Good point about the description and clarity.
I don't think however that a "cross" shape is required. Flexing (..or moving "to and fro"), should be exceedingly minimal because there will be virtually no force placed on the long dimension of the dowel/rod/brace and of course because the dowel/rod/brace shouldn't be particularly flexible.
Hi CrazyHub, the measurement was nearfield (mic about 3mm from the cone) so I doubt it had anything to do with new resonances. The resonant freq of the cabinets is probably in the low Khz already without the brace.
These woofers have a large vent in the magnet which is probably around 20-30mm in diameter, and a 3" voice coil, with the brace directly behind this vent (perhaps only a few cm away) and roughly the same size as the diameter of the vent then I would think that it could provide a reflective surface big enough to show the anomaly. Have a look at this post for an example of how nasty the FR is without damping and how smooth it is with damping.
Tony.
Bracing and internal reflections are two different things.
One is stopping the cabinet walls from resonating and projecting sound out into the room.
The other is absorption of the sound energy. It looks like this design is a sealed design. So, you want maximum absorption of the rear wave so that it does not return and affect the driver cone. If the wave returns and strikes the driver's cone it will easily pass through the cone and also cause the cone to sympathetically vibrate. Extra stuffing on the back wall facing the driver is a good idea.
Stuffing is a great way to convert the internal sound wave to heat. Bracing reduces the cabinet walls from sympathetically resonating.
The cross braces will be strong with respect to reducing antinodes on the panels. However, they are still prone to resonating themselves (like a string) and causing the walls they are attached to vibrate. I would think that making shelves that attach to all three walls with large cutouts for air passage would be more effective than simple side to side braces.
The shelves not only stiffen the panel, but effectively divide the panel into two or more panels so as to drive panel resonances higher in frequency. Shelves should be placed so as to asymmetrically divide the wall panels.
There are other methods to reduce panel resonances. You can add layers of roofing felt or other materials inside (good) and you can also build the cabinet walls with a constrained layer (better yet).
If you want to quantifiably test what bracing does, buy an old acoustic guitar pickup and stick it to one of the cabinet walls with wax or hot melt glue.

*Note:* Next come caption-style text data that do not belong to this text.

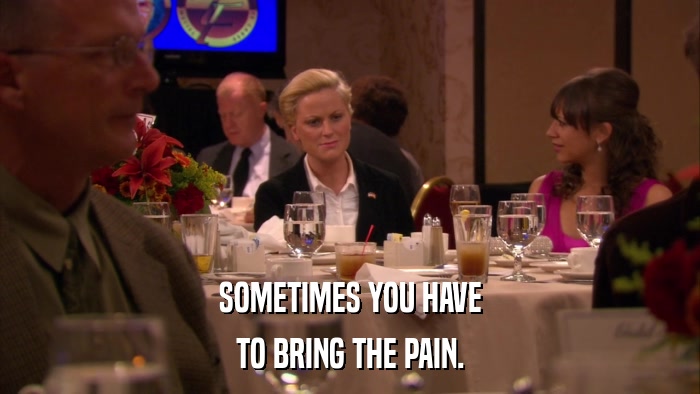 SOMETIMES YOU HAVE TO BRING THE PAIN. 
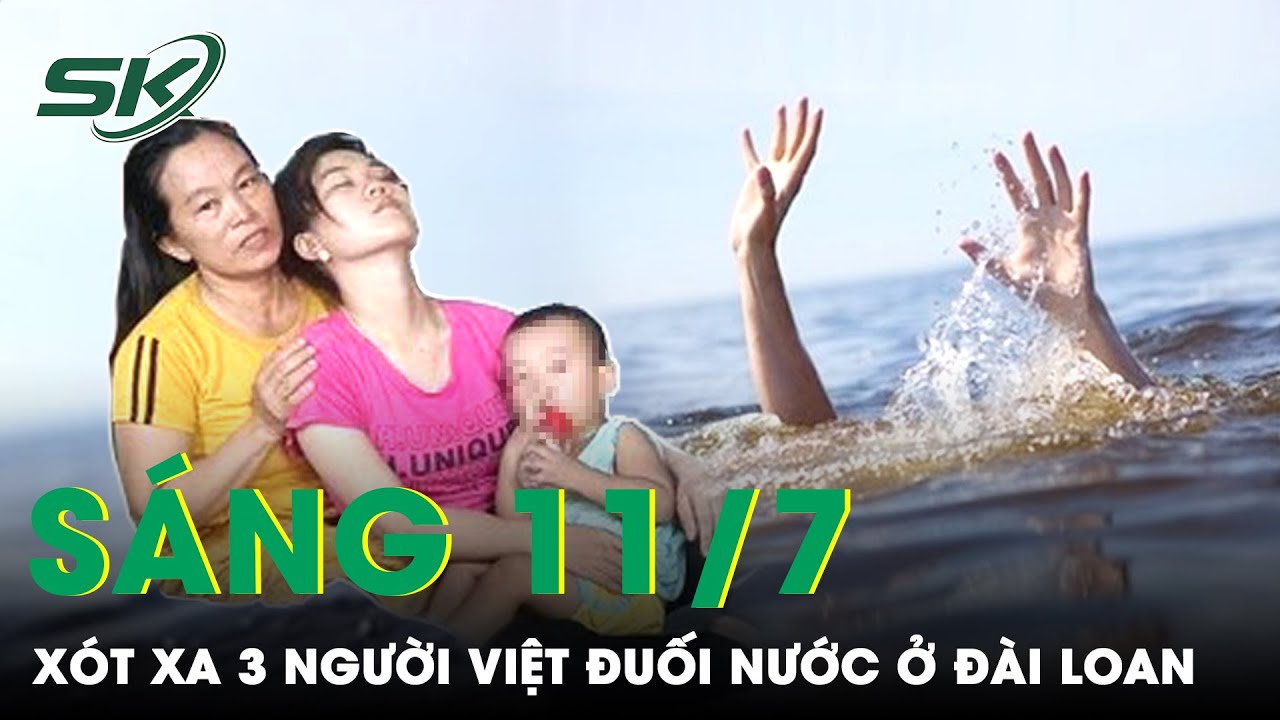 Sáng 11/7: Xót Xa 3 Người Việt Ở Đài Loan Tắm Biển Bị Đuối Nước, Vợ Khóc Cạn, Ôm Con Chờ Chồng |SKĐS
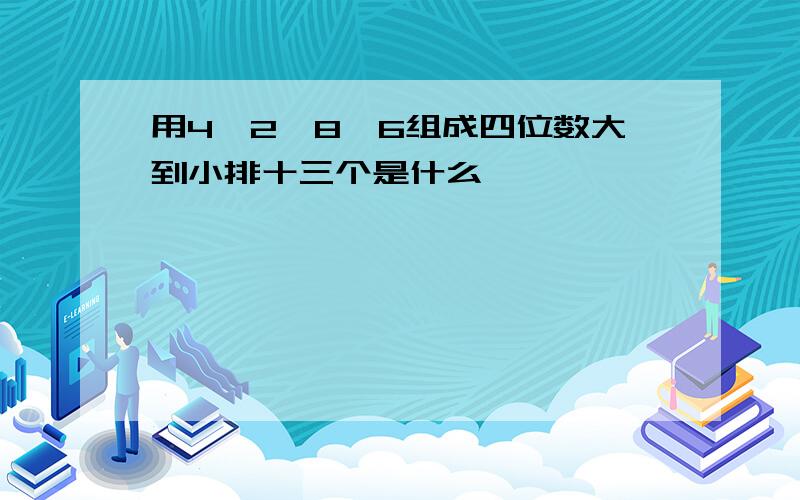 用4,2,8,6组成四位数大到小排十三个是什么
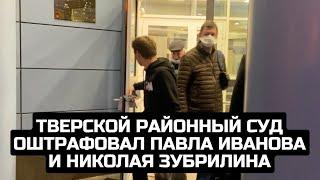 Тверской районный суд оштрафовал Павла Иванова и Николая Зубрилина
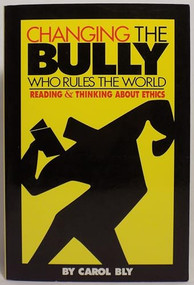 Changing the Bully Who Rules the World (Reading and Thinking aAbout Ethics) by Carol Bly, 9781571312051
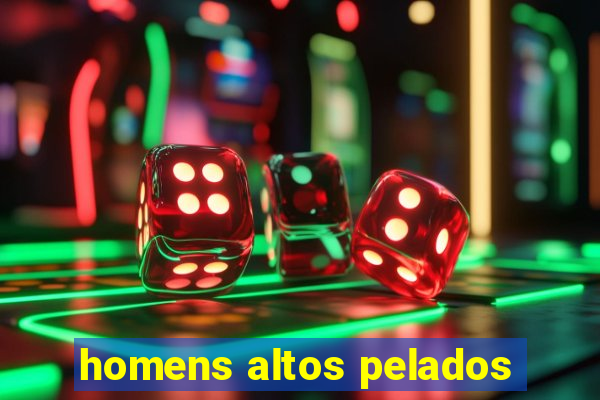 homens altos pelados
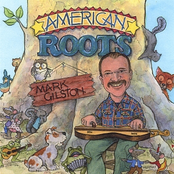 Mark Gilston's American Roots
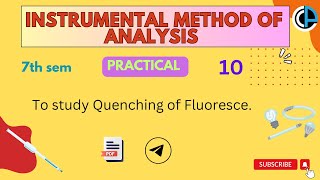 To study the Quenching of Fluorescenceanalysis 7thsem practical csvtu bpharma ccp columbia [upl. by Hayward]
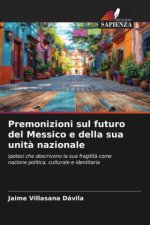Premonizioni sul futuro del Messico e della sua unità nazionale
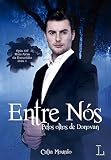 Entre Nós: Pelos olhos de Donovan (Portuguese Edition)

Use the guitar pickup like a microphone. It will pick up wall vibrations like an accelerometer. Run this into a program like HolmImpulse and you can do before and after plots.
The guitar pickups that use piezo elements are good choices. Alternatively, you can buy accelerometers from Newark and Digikey relatively cheaply.
Use the guitar pickup like a microphone. It will pick up wall vibrations like an accelerometer. Run this into a program like HolmImpulse and you can do before and after plots.
The guitar pickups that use piezo elements are good choices. Alternatively, you can buy accelerometers from Newark and Digikey relatively cheaply.
Your bracing scheme could actually be a bit more efficient. The individual braces should also brace each other. Each of the braces span the entire width and will be lacking stiffness as Earl mentioned. It would be better to arrange them so that braces meet in the middle and mutually brace each other. If those cross braces interect then the "spans" are cut down and the stiffness is increased. So that means you can make them more slender for a given stiffness.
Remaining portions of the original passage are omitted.